Путешествие по его кишкам напоминает выпуск кинохроники: вертятся станки, колосятся хлеба, народ радостно избывает счастливые будни.
«Сталинский сокол», ас, покоритель стихии — классическое амплуа советского «золотого века». Северный полюс — его космогоническая ось, первоначало, axis mundi. Культурный герой, направляющийся к центру вселенной, символизирует апофеоз тоталитарного мышления, уполномочившего своих титанов вращать Землю в новую, «советскую» сторону. Нынешний маршрут легендарного Чкалова начинается в той точке «коллективного бессознательного», где произошла неоднократно описанная сцена из оригинала 1941 года: удостоившись аудиенции вождя народов, Чкалов в экстазе кружит по комнате жену. Социальный восторг сублимируется в сексуальном эвфемизме. Счастье служения столь велико, что «переливается» на физиологический уровень…
Физиологическая посылка предшествует и новому подвигу героя. Вождь, вобравший черты «пучшего друга советских физкультурников», фольклорного генсека-«бровеносца» и чаплинского «великого диктатора», неосторожно заглатывает ведомый Чкаловым аэроплан. Естественным образом весь экипаж скоро оказывается в вельможном сортире. С перепугу нервный вождь разряжает в своих верных сынов по пистолету, но советские летчики и в дерьме не тонут, и под пулями не умирают. Тогда и появляется таинственный пакет, содержимое которого — корявая стрелка на листе бумаги — указывает героям путь к новым свершениям.

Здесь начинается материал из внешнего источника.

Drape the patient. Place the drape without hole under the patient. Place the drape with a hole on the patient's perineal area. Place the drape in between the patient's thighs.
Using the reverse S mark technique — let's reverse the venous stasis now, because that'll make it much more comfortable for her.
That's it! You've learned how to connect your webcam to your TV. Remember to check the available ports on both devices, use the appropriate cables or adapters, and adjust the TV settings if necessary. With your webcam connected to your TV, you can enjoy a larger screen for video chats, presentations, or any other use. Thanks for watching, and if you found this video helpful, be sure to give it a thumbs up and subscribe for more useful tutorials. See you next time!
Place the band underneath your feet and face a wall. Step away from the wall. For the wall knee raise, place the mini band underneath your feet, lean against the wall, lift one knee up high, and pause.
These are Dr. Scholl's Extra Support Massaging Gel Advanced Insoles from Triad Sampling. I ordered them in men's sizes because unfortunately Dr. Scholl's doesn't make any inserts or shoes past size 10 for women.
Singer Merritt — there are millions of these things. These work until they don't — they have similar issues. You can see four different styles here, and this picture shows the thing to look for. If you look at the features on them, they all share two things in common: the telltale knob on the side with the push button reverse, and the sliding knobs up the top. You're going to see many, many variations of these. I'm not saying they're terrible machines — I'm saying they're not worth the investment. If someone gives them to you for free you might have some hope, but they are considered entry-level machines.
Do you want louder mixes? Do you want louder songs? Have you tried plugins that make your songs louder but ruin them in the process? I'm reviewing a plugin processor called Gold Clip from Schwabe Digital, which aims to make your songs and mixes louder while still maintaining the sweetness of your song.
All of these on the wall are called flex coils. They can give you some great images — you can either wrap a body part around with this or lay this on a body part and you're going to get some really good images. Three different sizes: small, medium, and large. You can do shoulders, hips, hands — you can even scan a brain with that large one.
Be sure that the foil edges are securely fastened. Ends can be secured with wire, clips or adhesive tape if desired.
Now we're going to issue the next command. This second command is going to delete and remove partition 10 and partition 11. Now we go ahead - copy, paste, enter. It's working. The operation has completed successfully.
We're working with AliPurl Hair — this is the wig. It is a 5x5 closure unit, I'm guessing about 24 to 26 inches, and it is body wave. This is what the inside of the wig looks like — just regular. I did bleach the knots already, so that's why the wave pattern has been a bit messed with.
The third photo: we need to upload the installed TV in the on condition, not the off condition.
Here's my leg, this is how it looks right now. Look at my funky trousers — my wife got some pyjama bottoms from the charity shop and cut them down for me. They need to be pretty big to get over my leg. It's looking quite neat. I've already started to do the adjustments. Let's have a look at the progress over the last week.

Гиперболизированная логика мифа как бы обнажает собственную «подкорку», комический толстяк-диктатор запросто пожирает самолет. Путешествие по его кишкам напоминает выпуск кинохроники: вертятся станки, колосятся хлеба, народ радостно избывает счастливые будни. Мощный сакральный слой опредмечивается в наивной и буквальной метафоре, а миф превращается в сказку с ее изначально условной посылкой и свободой манипуляции.
Пежемский, будучи первым последователем Курехина по духу, все же уступает ему по исполнительскому дару.
Путеводный знак, начертанный вождем и означающий «поди туда, не знаю куда…» разрушает жесткую заданность идеологической конструкции. Мотив бесцельного путешествия, вообще, свойствен иконоборческой тенденции последних лет — вспомнить хотя бы «Город Зеро» или тех же «Рыцарей поднебесья» Евгения Юфита. Миф разоблачается сказкой, и в этом пространстве уравниваются любые символы и религия, пропущенные сквозь калейдоскоп современного зрения. Постмодернистский тезис о всеобщем равенстве Пежемский воплощает буквально, причем с изрядной долей «жгучего маразма», отличающего мутацию заморского веяния на отечественной почве. Басмачи -классические злодеи советского кино — вооружены луками и стрелами, а негры — не менее кинониэированные «страдальцы» — дворницкими метлами. Вражескую стрелу Чкалов перехватывает не хуже заправского ниндзя, а его штурман поправляет очки жестом Валерки-гимназиста из «Неуловимых». Магнитная ось полюса отсылает к феериям Мельеса, комические гэги — к мак-сеннетовскому «слэпстику», потасовка на льду — к Чудскому озеру Сергея Эйзенштейна. Замордованный врагами трогательный персонаж в семейных трусах заимствован из арсенала параллельного кино. Наконец, сам вождь, спустившийся с небес верхом на декоративном «серпе-молоте», являет зримый парафраз на темы культового действа и одновременно ассоциируется с «deus ex machina»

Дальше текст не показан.